Celtic Britons and the settlers in Brittany spoke a common language, which later evolved into Breton, Welsh and Cornish.
[3] Prior to this, following the withdrawal of Rome from Britain, other British migrants from what is now modern Devon had established the region of Domnonea (in Breton) or Domnonée (in French) in the north of the peninsula, taken from the Latin Dumnonia.
The region was first mentioned in surviving records by a Cornouaille-related name between 852 and 857, when Anaweten, bishop of Saint-Corentin at Quimper Cathedral, took over Cornugallensis under the order of Nominoe, Duke of Brittany and Tad ar Vro.

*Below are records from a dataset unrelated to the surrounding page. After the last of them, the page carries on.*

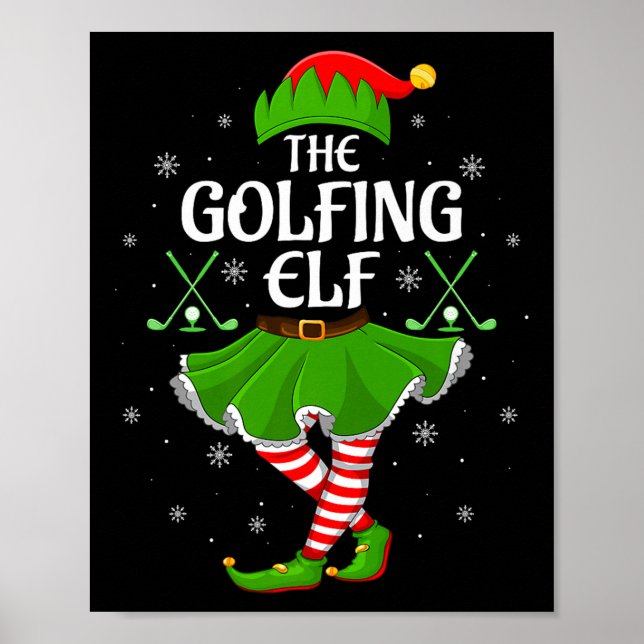 Golfing Elf Christmas Girls Women Elf Squad Xmas F Poster (Front)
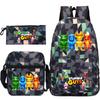Stumble Guys Collision Party Game Merchandise Printed Backpack Crossbody Bag Stationery Bag School Bag Three-piece Set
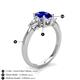 4 - Honora 9x7 mm Oval Shape Lab Created Blue Sapphire and Pear Shape Diamond Three Stone Engagement Ring 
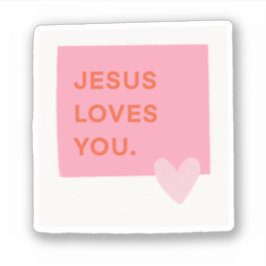Jesus Loves You Polaroid Sticker Klistermärken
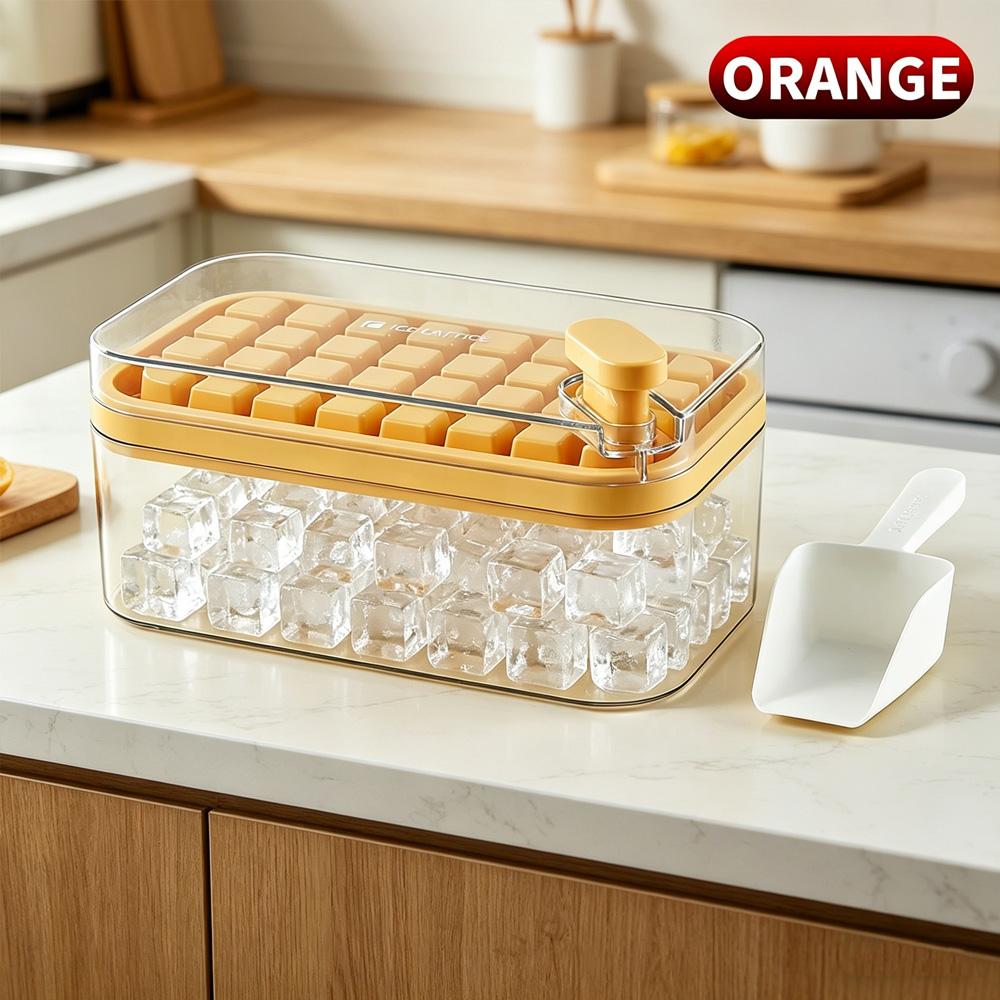 Household Ice Cube Maker Mold Large Capacity Ice Storage Container, Easy Demold Ice Tray For Fridge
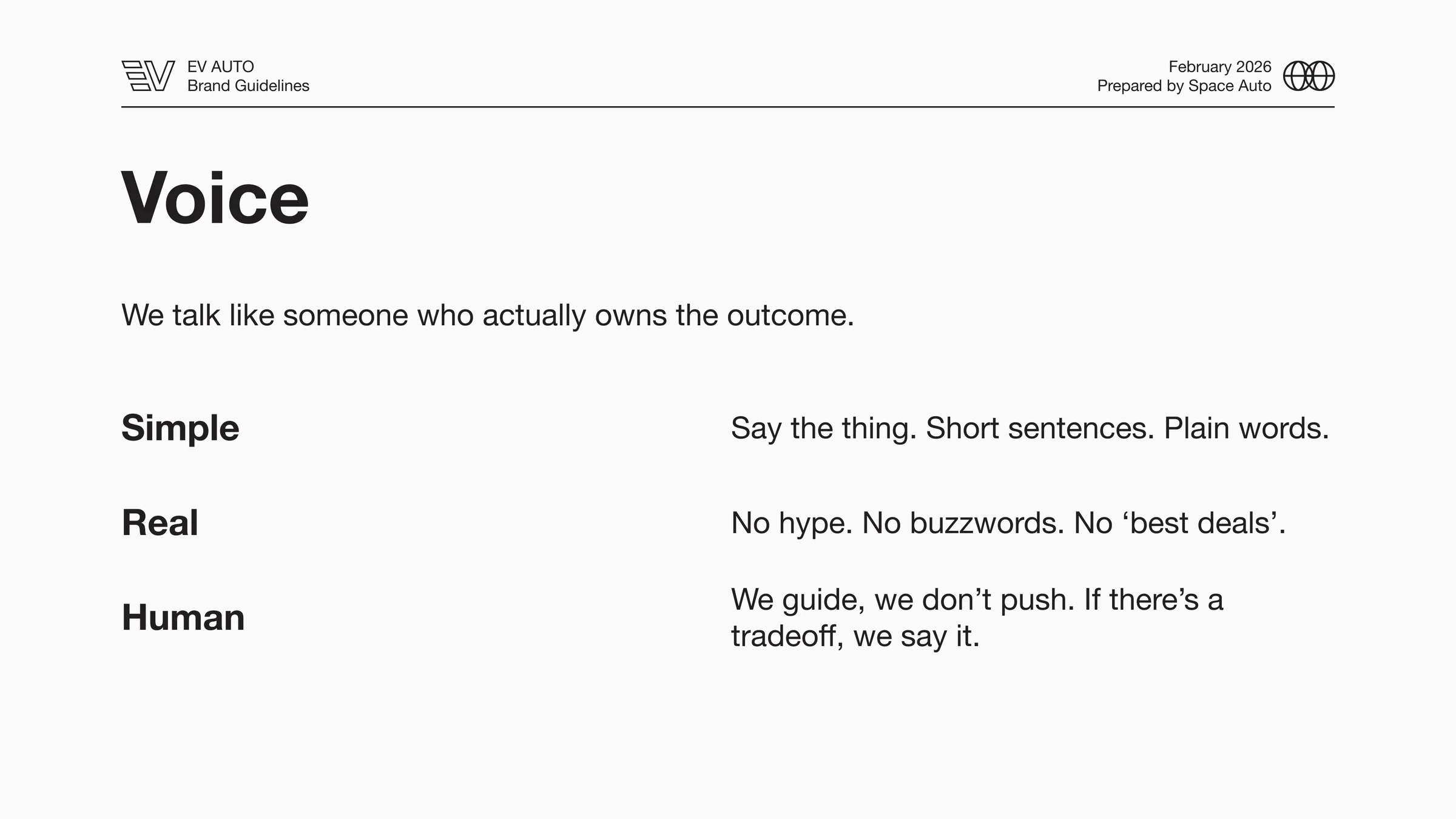 A brand-guide page headed Voice, laying out three modes: Simple, Real, Human.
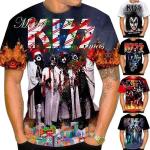 Letní pánská móda Hip Hop Punk Tričko s krátkým rukávem American Rock/Heavy Metal Kiss Band Tričko s 3D tiskem a hudbou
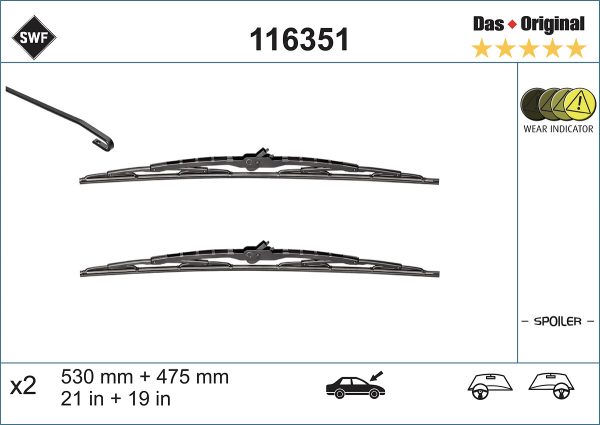 Lamela stergator AUDI A3 (8L1) 1.6 benzina 101 cai SWF 116351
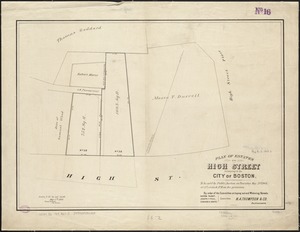 Plan of estates on High Street belonging to the City of Boston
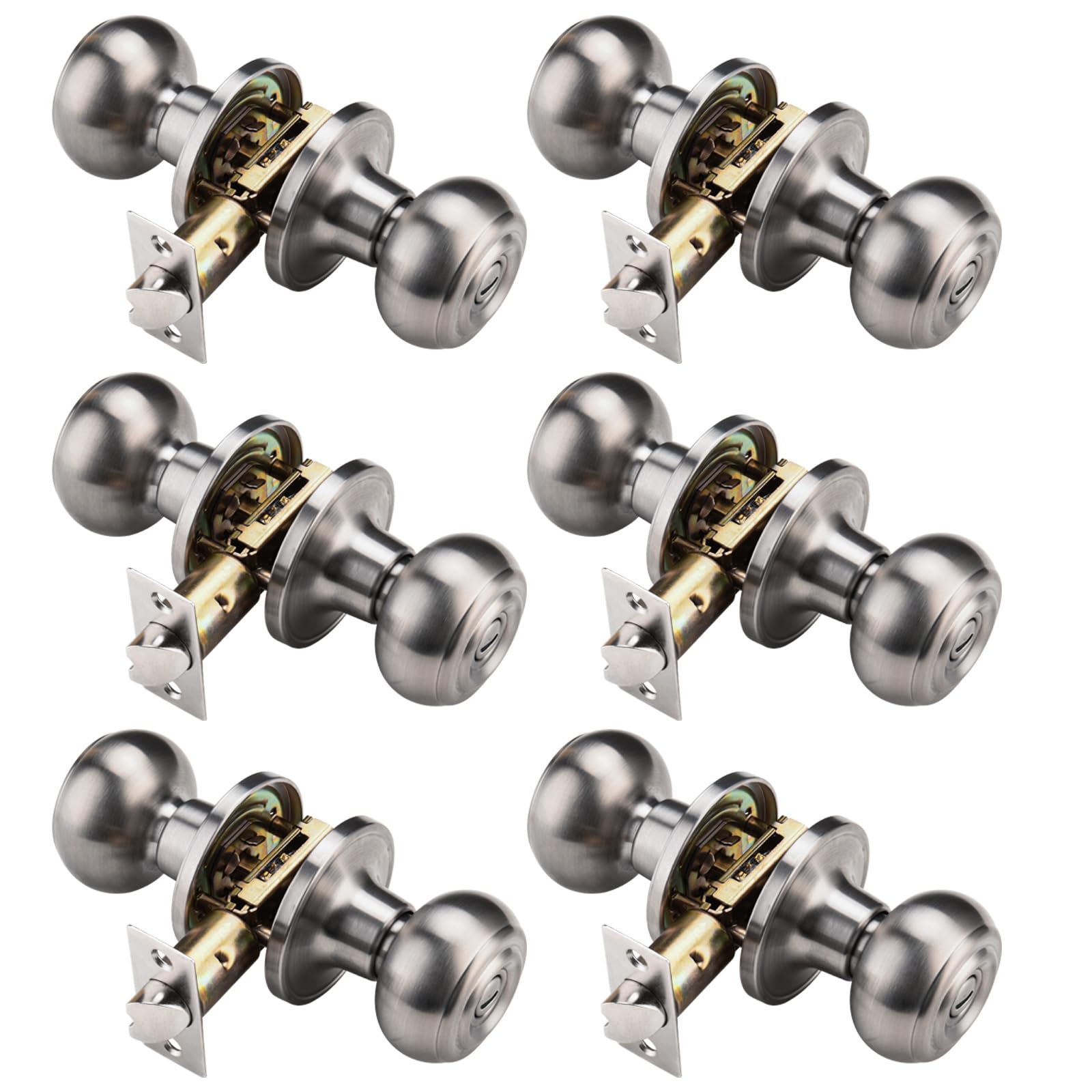 Black Door Knobs with Lock - 6 Pack for Bathrooms & Bedrooms -11 Black Door Knobs with Lock - 6 Pack for Bathrooms & Bedrooms -11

The first element is from the name of a Brythonic tribe Latinized as Cornovii, meaning 'peninsula people', from the Celtic kernou, 'horn, headland', from PIE *ker- 'uppermost part of the body, head, horn, top, summit'.
Walh is an element found in the words and names walnut, Walloon, Wales, Wallasey, Waleswood, Wallachia, Wallace, Walcheren, and Walsh.
The existence of an ancient district in Anjou called "la Cornuaille" has led to the hypothesis that Cornouaille may have been a geographical or military label for all of southern Brittany as far as the northern shore of Domnonée in the 6th or 7th century.[speculation?]